A couple of notes from 25+ years programming experience:

1. ASCIZ strings are slow to manage but since "C" uses them and Windows is "C" based you should use them primarily when dealing with the WIN32 API.
2. OLE/BSTRs/ASCIC are the fastest to manage and are becomming far more important since OLE is taking over. BASIC/PASCAL and to some extent FORTRAN use counted strings. A very important guildline to engineering fast code is never do the same thing twice unless you have too. This rule is fundamental to prodecural programming and violated massively by OOP programming.

Example of why counted strings are superior - strlen function:

1. Null terminated string:

LEA EDI,STRADR
XOR EAX,EAX
MOV ECX,-1
PUSH EDI
REPNE SCAB
MOV EAX,EDI
POP ECX
DEC EAX
SUB EAX,ECX

or
LEA ESI,STRADR
XOR ECX,ECX
@@: LODSB
INC ECX
TEST AL,AL
JNE @B
DEC ECX


(note the number of registers used - aleast 3 - address, accumulator, counter.)
versus:
2. counted strings

LEA ESI,STRADR
LODSD/B
(two registers used)

Which do you think is faster?

Try strcat and the performance gain by counted string s even better. Think about where the performance gain is....For NULL terminated strings, the the overhead cost in CPU grows geometrically in direct proportion to the string size. Counted string have a fixed over head cost.

Universally useful tip: NULL terminate counted strings. Using this method (which is also adopted by the STRINGTABLE resource and OLE allows counted strings to also be used where ever NULL terminated strings are required - just use the starting address + 1/4.

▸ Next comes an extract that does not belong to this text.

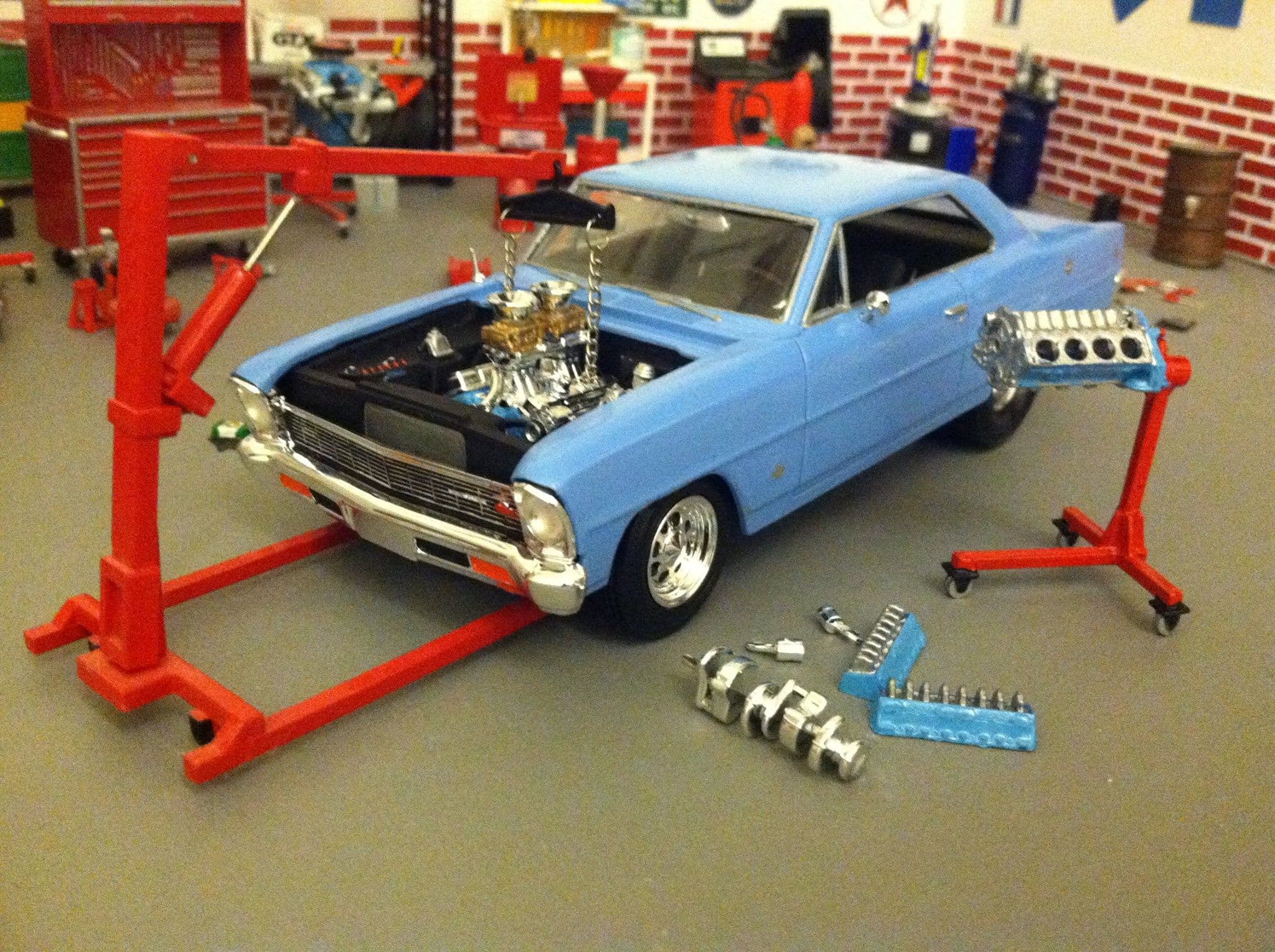 Modellautos 1:18 online finden: Top-Marken, Neuheiten und Klassiker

I use the following strings types in my programming:

1. NULL terminated strings - used when receiving/sending sending variable sized strings to WINAPI or C styled functions (mainly user input or WINAPI results)..
2. Counted strings/NULL terminated - used for static string useage, display, prefixing/suffixing, control, resources.
3. OLE strings(Counted DWORD prefix count) - interfacing to OLE
4. Descriptor strings (strings are passed as a 2 DWORD desriptor - size and address) - when starting or length is variable/calculated values.

Learn the benefits of all four types of strings and you will master efficent string management.


Good luck!

hutch--

OLE strings may be flexible is you bother to set up the support framework for them but they are fundamentally sllow as they involve memory allocation for any change of length, greater or smaller. You can in fact treat an allocated OLE buffer as just a memory buffer but the gives it no advantage over any other memory strategy.

In BYTE sized characters zero terminated strings may be crude but they are also fast, it comes at the price that you must know what you are doing in terms of setting your buffer size. Now in this world you get nothing for nothing, to create an OLE string you must know its length in much the same way as and other BYTE or WORD array, the difference with zero terminated strings is you only have to have a buffer that is big enough so if you know the maximum range, you spare yourself the hassle of having to get the length each time you allocate the string.

REPNE SCAB is a particularly slow combination but LODSB without the prefix is even slower, unless you are writing 16 bit DOS software or for an obscure couple of old AMD processors, treat them like the plague and use registers with incremented address pointers, the latter being much faster on Intel hardware from the 486 upwards.